サラリーマンは「公的年金の力」を過小評価している?
サラリーマン(男女を問わず、公務員等を含む。以下同様)は、公的年金が充実しています。標準的なサラリーマン夫婦は老後に毎月22万円程度の年金を受け取れるので、贅沢は難しいとしても、なんとか生活するだけなら可能でしょう。
【理由1】60歳で定年になった場合には、65歳まで働いて生活費を稼げば、その後は年金で暮らしていけます。
【理由2】公的年金は、どれほど長生きしても生きている間は支払ってもらえますし、インフレが来ても、原則としてインフレ分だけ毎回の支給額が増えます。そのことから、老後資金の非常に心強い柱と考えていいでしょう。
【理由3】日本の年金制度は現役世代が高齢者を支える仕組みになっているので、少子高齢化が進むと高齢者への年金支給額が減ってしまうわけですが、それほど極端な減少ではなさそうなので、ある程度の老後資金があれば何とかなりそうです。
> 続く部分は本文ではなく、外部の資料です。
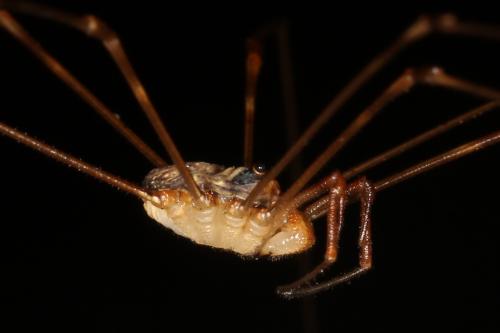 Réf. 128 125 : Dicranopalpus ramosus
【理由4】「いまの若い人は老後に年金が受け取れない」などという人もいますが、制度に精通している年金の専門家のなかにはそんなことをいう人はほとんどいません。そのような結果になる確率は極めて低いので、安心しましょう。
【理由5】「年金だけでは老後資金が2000万円足りない」といった話が一時期話題になりましたが、それは誤解です。「今の高齢者は老後の蓄えを取り崩しながら、ささやかな贅沢を楽しんでいる。その取り崩し額は2000万円程度」という意味なのです。
定年直前に資産ゼロでも、持ち家があればどうにかなる
「年金が少しずつ減っていく」「老後もささやかな贅沢を楽しみたい」という2点を考えると、年金だけで生活するのではなく、若干の蓄えを持っておきたいところです。もっとも、現役時代には子育て費用や住宅ローンの返済等々で貯蓄ができなかった、という人も多いでしょう。しかしそうした人も、家さえ持っていればどうにか乗り切れそうです。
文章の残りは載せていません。